The weekly USDA Export Sales report seemed quite bullish for ICE cotton futures again this week. The stated total for the week ended January 23 came in at 479,700 running bales. That actually fell about 3% short of the massive result posted the previous week, but it virtually doubled the four-week average (up 90%). Such huge results for two straight weeks strongly suggest current U.S. cotton prices are proving very attractive to international customers. However, as the following chart shows, the nearby March contract proved able to sustain only a portion of its initial bullish response, thereby suggesting other factors were in play.
I’m inclined to blame a Wednesday afternoon report for the muted response, although futures didn’t seem to react all that badly to the news in overnight trading. That is, officials with the ICE exchange announced yesterday that certificated stocks deliverable against nearby futures had jumped from 76,075 bales on Monday to 136,657 running bales Tuesday afternoon.

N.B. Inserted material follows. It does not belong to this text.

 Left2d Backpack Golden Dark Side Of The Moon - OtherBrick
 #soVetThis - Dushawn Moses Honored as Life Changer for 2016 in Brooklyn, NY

Such a large surge indicates the U.S. cotton industry is very interested in delivery product against futures when the nearby March contract enters delivery in early March. The chart above suggests technical support around the 84.00-cent level is quite robust, but the fact that bulls couldn’t sustain moves above its 10-day moving average (magenta line) also implies resistance at slightly higher levels could quite substantial. The larger trend rather obviously appears to be pointing higher at this juncture.
However, we would warn that the market may stall during the days just ahead, simply because Friday marks the start of the Chinese New Year, thereby implying a lack of Chinese participation in the days just ahead.